I used CSV file and I saved it as frame then i sign it to df and its not running ?

Please could yu send me your data format ?

Navien · November 28, 2019, 1:04pm

the Image above is my data, which i would like to do the sampling for.

raytong · November 29, 2019, 2:39am

@Navien. The follow are the reprex of my run. Can you indicate what error you got?

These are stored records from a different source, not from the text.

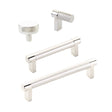 Knurled Polished Nickel Cabinet Knobs and Drawer Pulls - Forge Hardware Studio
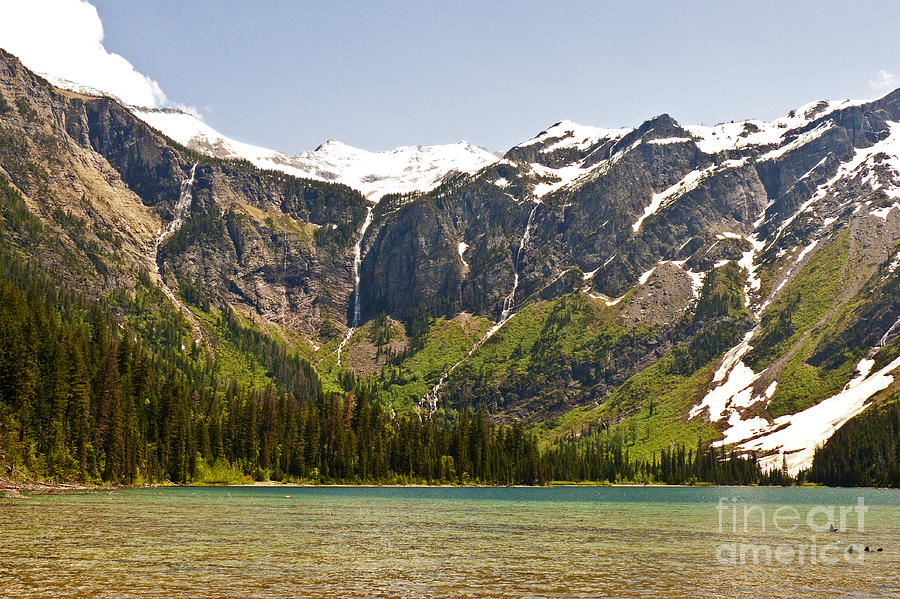 Mountain Photograph - Avalanche Lake by Bob and Nancy Kendrick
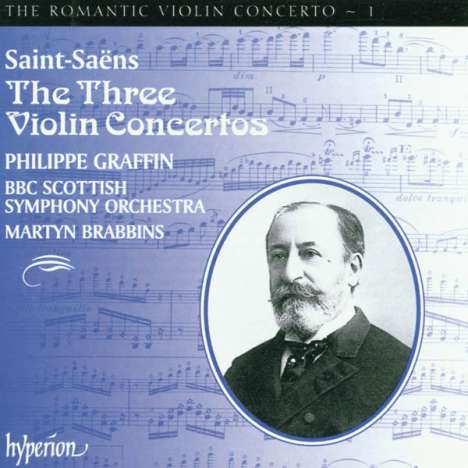 Camille Saint-Saens (1835-1921): Violinkonzerte Nr.1-3, CD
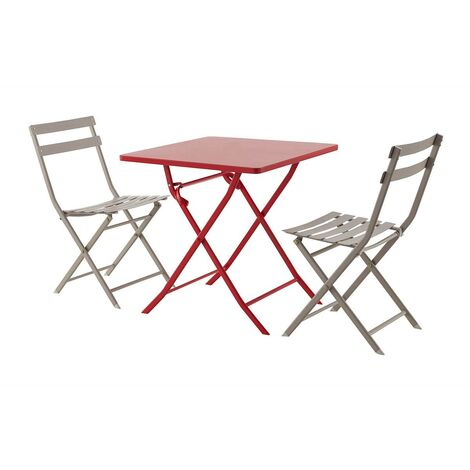 Hespéride Greensboro Gartentisch - Klappbar, Quadratisch 70x70 Cm, Höhe 70 Cm, In Ocker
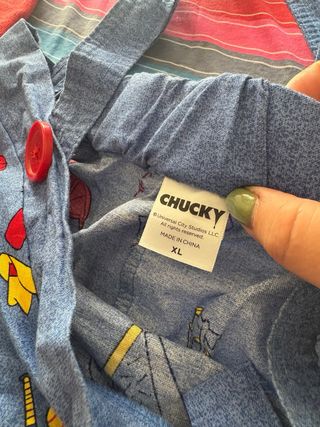 Disfraz Chucky Mujer Talla XL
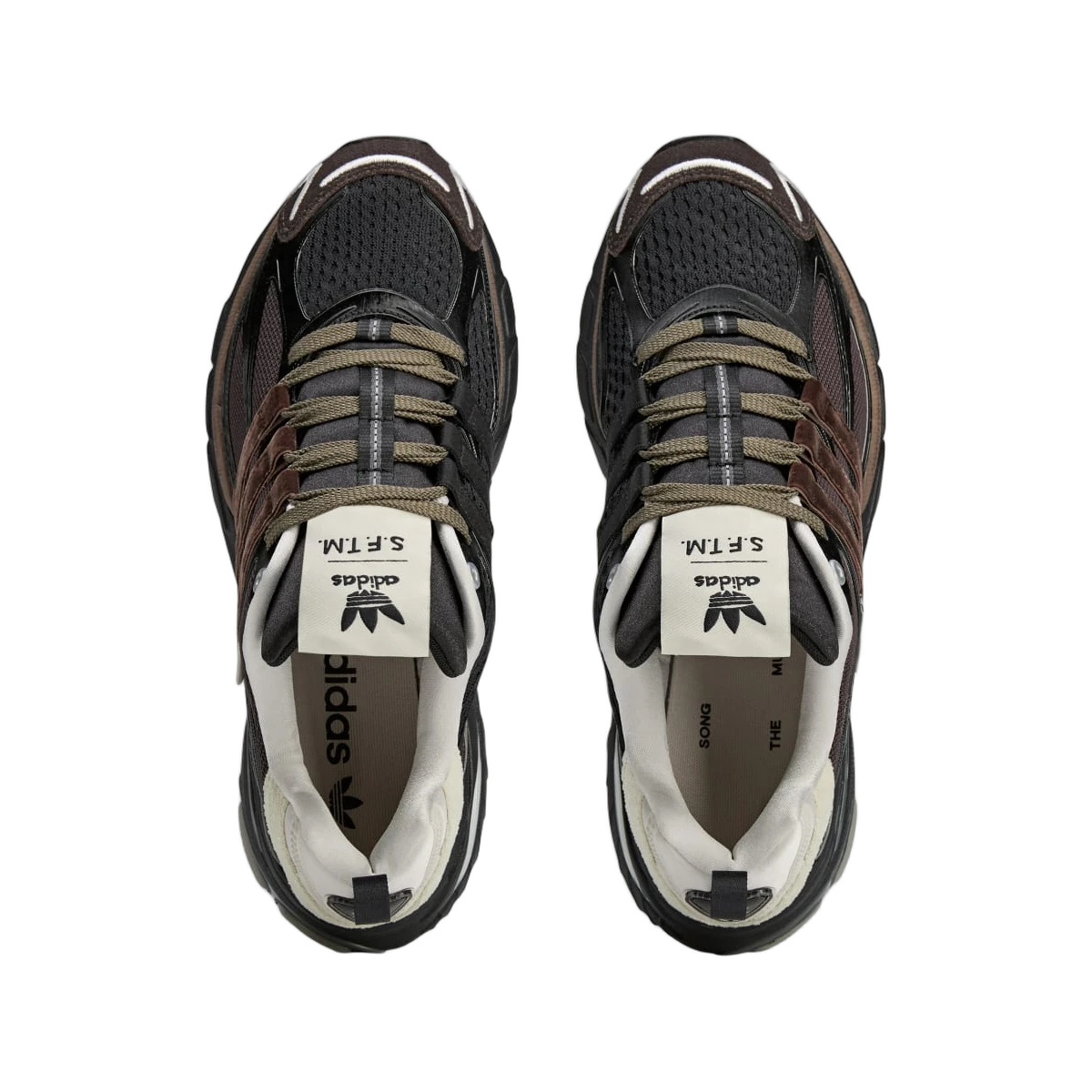 Adidas Adistar Cushion Song for the Mute Core Black Dark Brown
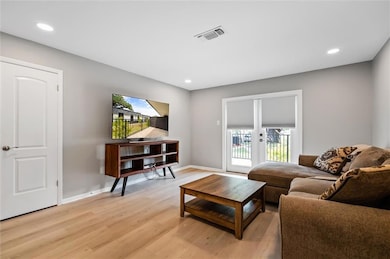 Spacious family room with private balcony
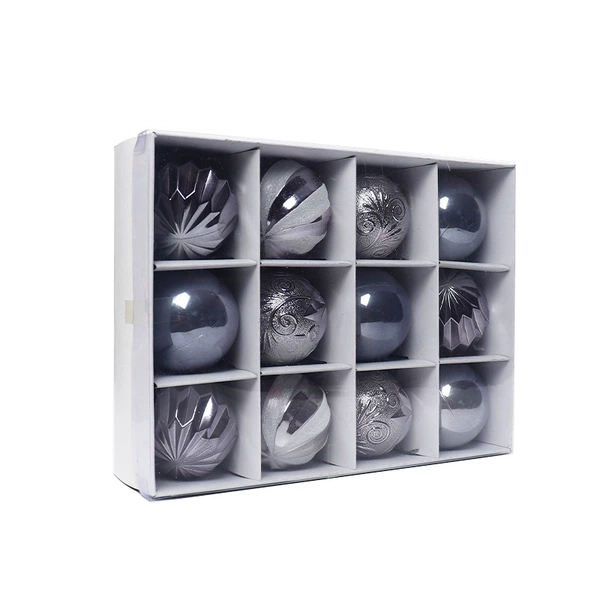 Gray (12-pack of paper carton) plastic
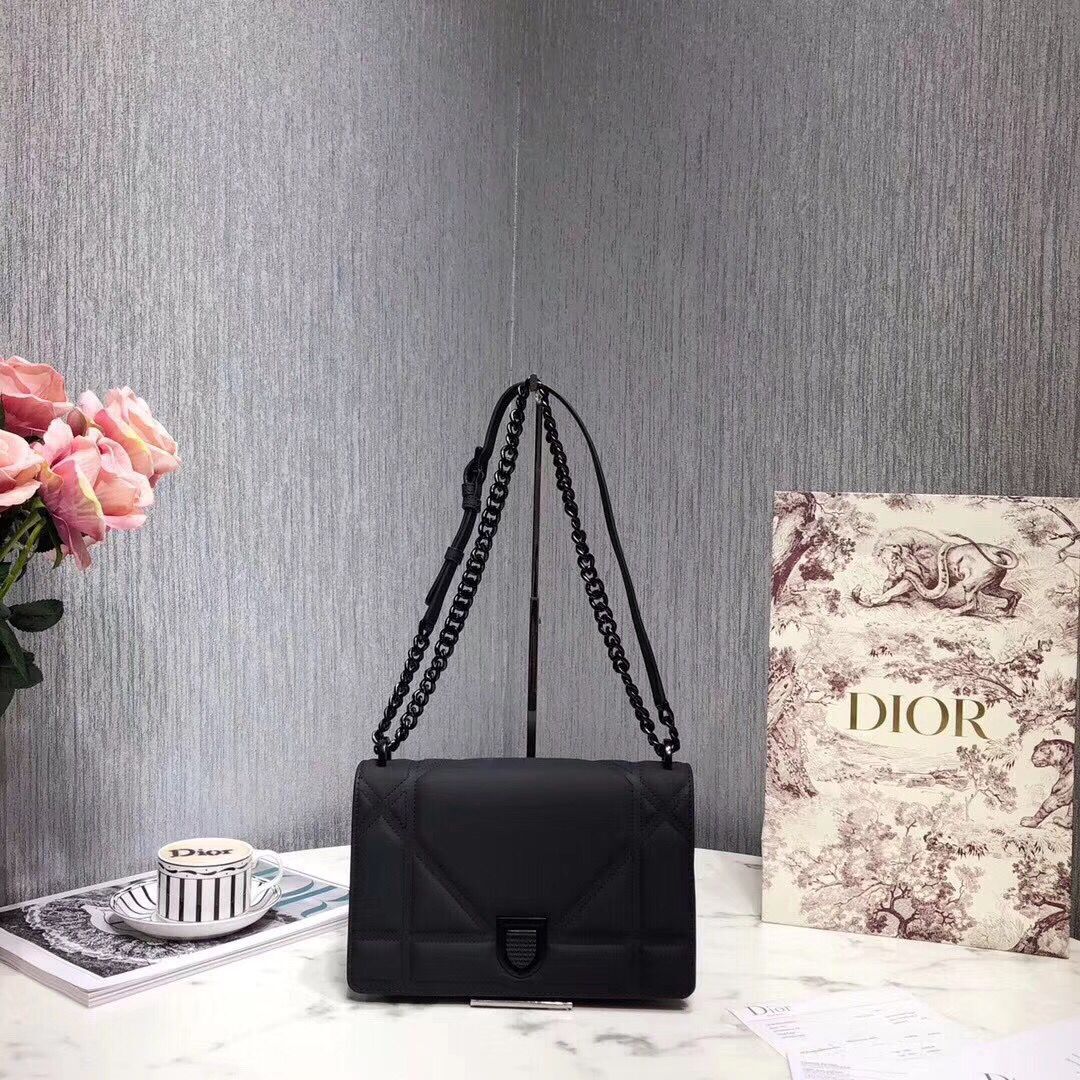 Diorama Original Leather Bag M0422 Black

rw.sample <- function(df = NULL, n = NULL) {
  
  N <- nrow(df)
  int <- ceiling(N / n)
  
  #Creating an id column.
  id.creator <- function(df = NULL) {
    print("Creating 'id' columns -- using a highly inefficient method.")
    
    # Create progress bar.
    pb <- txtProgressBar(min = 0, max = N, style = 3)
    
    a <- data.frame(1)
    for (i in 1:nrow(df)) {
      
      # Update progress bar.
      setTxtProgressBar(pb, i)
      
      x <- i
      a <- rbind(a, x)
    }
    close(pb)
    a <- data.frame(a[1:nrow(a) - 1,])
    df <- cbind(a, df)
    colnames(df)[1] <- "id"
    return(df)
  }
  df <- id.creator(df = df)
  
  #Function for sampling.
  sampler <- function(df = NULL) {
    print("Sampling.")
    
    # Create progress bar.
    pb <- txtProgressBar(min = 0, max = n, style = 3)
    
    a <- data.frame()
    x <- as.numeric(df$id[sample(nrow(df), 1)])
    for (i in 1:n) {
      
      # Update progress bar.
      setTxtProgressBar(pb, i)
      
      if (((x + int) > nrow(df)) == FALSE) {
        x <- x + int
      }
      if (((x + int) > nrow(df)) == TRUE) {
        x <- ((x + int) - nrow(df))
      }
      a <- rbind(a, x)
    }
    close(pb)
    a <- data.frame(a)
    colnames(a)[1] <- "id"
    a <- merge(df, a)
    return(a)
  }
  a <- sampler(df = df)
  print("Done.")
  return(a)
}

df <- data.frame(ID = LETTERS[1:6], N1 = rnorm(6), N2 = rnorm(6))

rw.sample(df, 4)
#> [1] "Creating 'id' columns -- using a highly inefficient method."
#> 
  |                                                                       
  |                                                                 |   0%
  |                                                                       
  |===========                                                      |  17%
  |                                                                       
  |======================                                           |  33%
  |                                                                       
  |================================                                 |  50%
  |                                                                       
  |===========================================                      |  67%
  |                                                                       
  |======================================================           |  83%
  |                                                                       
  |=================================================================| 100%
#> [1] "Sampling."
#> 
  |                                                                       
  |                                                                 |   0%
  |                                                                       
  |================                                                 |  25%
  |                                                                       
  |================================                                 |  50%
  |                                                                       
  |=================================================                |  75%
  |                                                                       
  |=================================================================| 100%
#> [1] "Done."
#>   id ID         N1         N2
#> 1  1  A -0.7393022  1.1040326
#> 2  1  A -0.7393022  1.1040326
#> 3  1  B  1.4119348 -0.2605365
#> 4  1  B  1.4119348 -0.2605365
#> 5  3  D  0.7794347 -1.6395992
#> 6  3  D  0.7794347 -1.6395992

^{Created on 2019-11-29 by the reprex package (v0.3.0)}

system · December 20, 2019, 2:39am

This topic was automatically closed 21 days after the last reply. New replies are no longer allowed.